Top of Data to examine

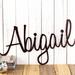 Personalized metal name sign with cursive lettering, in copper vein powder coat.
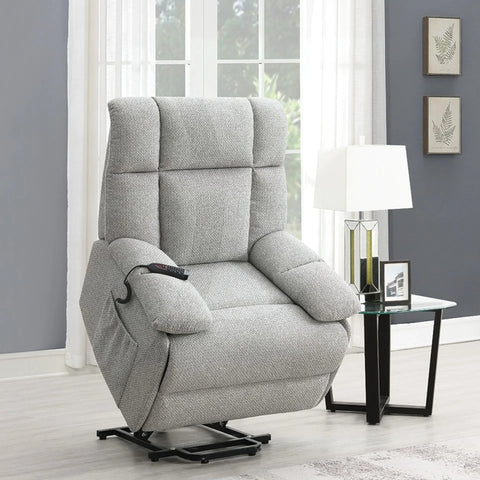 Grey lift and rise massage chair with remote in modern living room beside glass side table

Bottom of Data to examine
Top of Data to examine

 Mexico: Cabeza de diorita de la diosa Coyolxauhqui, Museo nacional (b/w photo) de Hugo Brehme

Bottom of Data to examine
Top of Data to examine

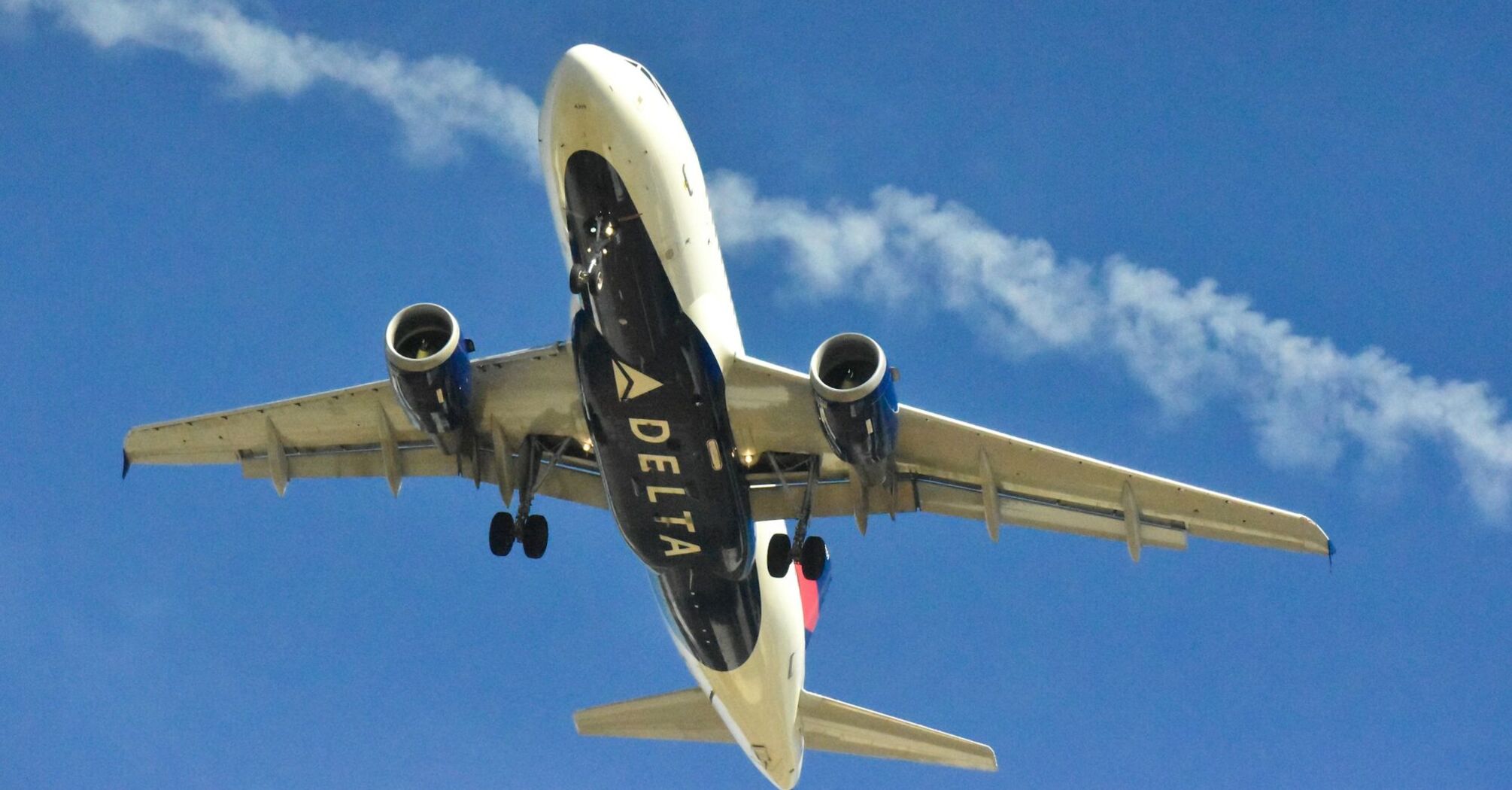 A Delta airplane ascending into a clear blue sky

Bottom of Data to examine

_About this task_
Set the pictures aside and retype exactly the lines above from the line with "Personalized metal name" to the line with "Grey lift and", both included, adding no others.

_Solution below_
 Personalized metal name sign with cursive lettering, in copper vein powder coat.
 Grey lift and rise massage chair with remote in modern living room beside glass side table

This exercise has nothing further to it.